As I’ve written before, I’m skeptical that exclusives will turn out to be a viable long-term strategy for the services. But insofar as they confer some competitive advantage the incentive to share usage data outside the immediate need-to-know circle is close to nil.
“Off the grid” streaming and the competitive hoarding of data are already happening in fact. According to a report this week by Music Business Worldwide, Spotify, which has thus far eschewed signing exclusives, has begun making its own records and salting the recordings into its playlists. In a weird throwback to the days of bubblegum pop, when producers hired session musicians to churn out radio-ready chum under made up band names like the Archies and 1910 Fruitgum Company (look it up), Spotify is reportedly paying producers to create tracks — generally without vocals — that fit certain genres or moods and crediting them to fake artists.

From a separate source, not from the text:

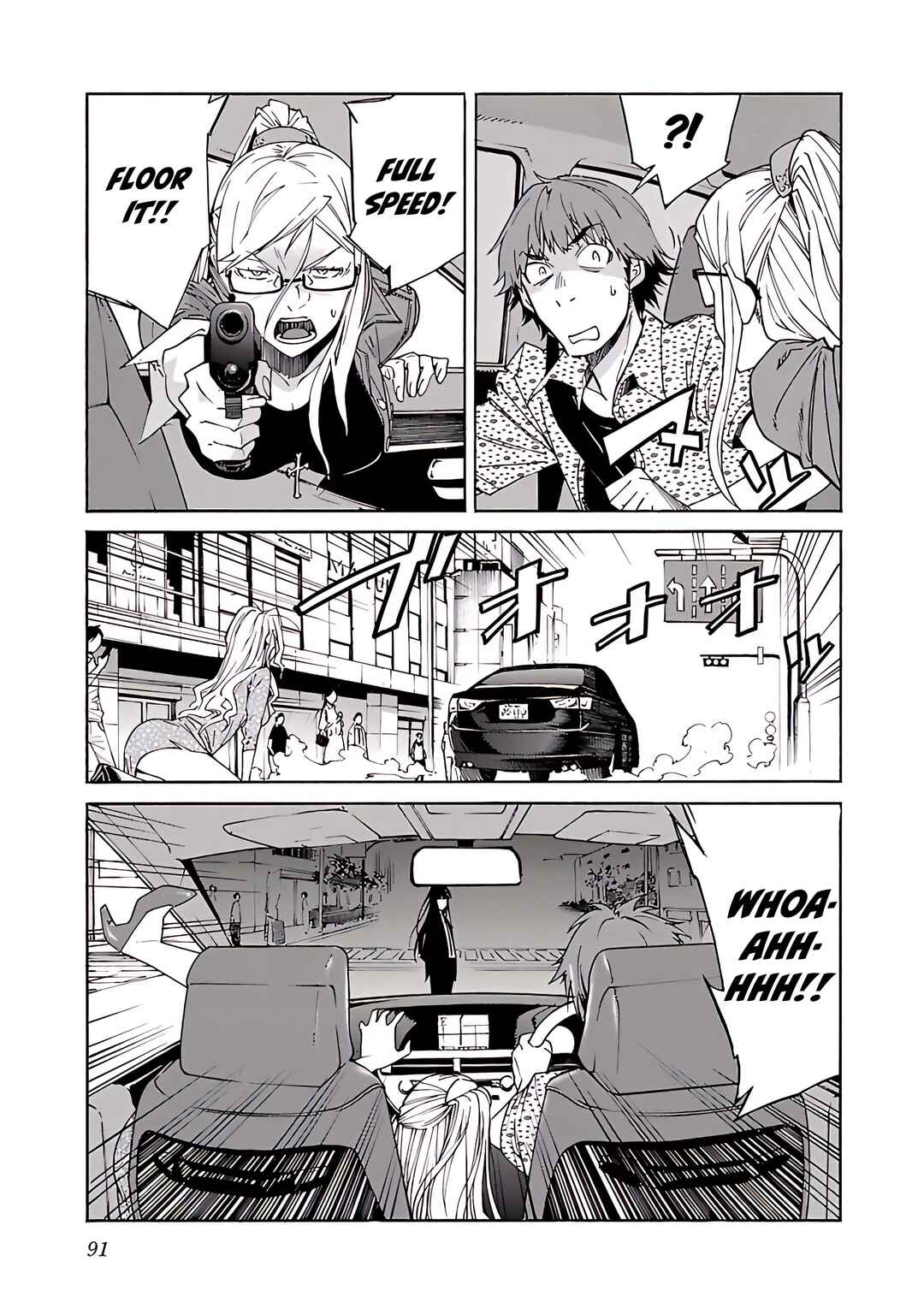 Page 18 Chapter 75 trash.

Although a few of the tracks have amassed over 500,000 plays, according to the report, the number of plays is obviously less important to Spotify than filling out its playlists with tracks it doesn’t need to account for to the labels and publishers.
For now, Apple, Spotify, and Tidal are all still publicly reporting downloads and streaming activity for their exclusives, whether licensed or created in-house, along with the rest of their catalogs. But over time, as the relevance of those metrics to their own businesses declines, so too will their incentive to keep doing it.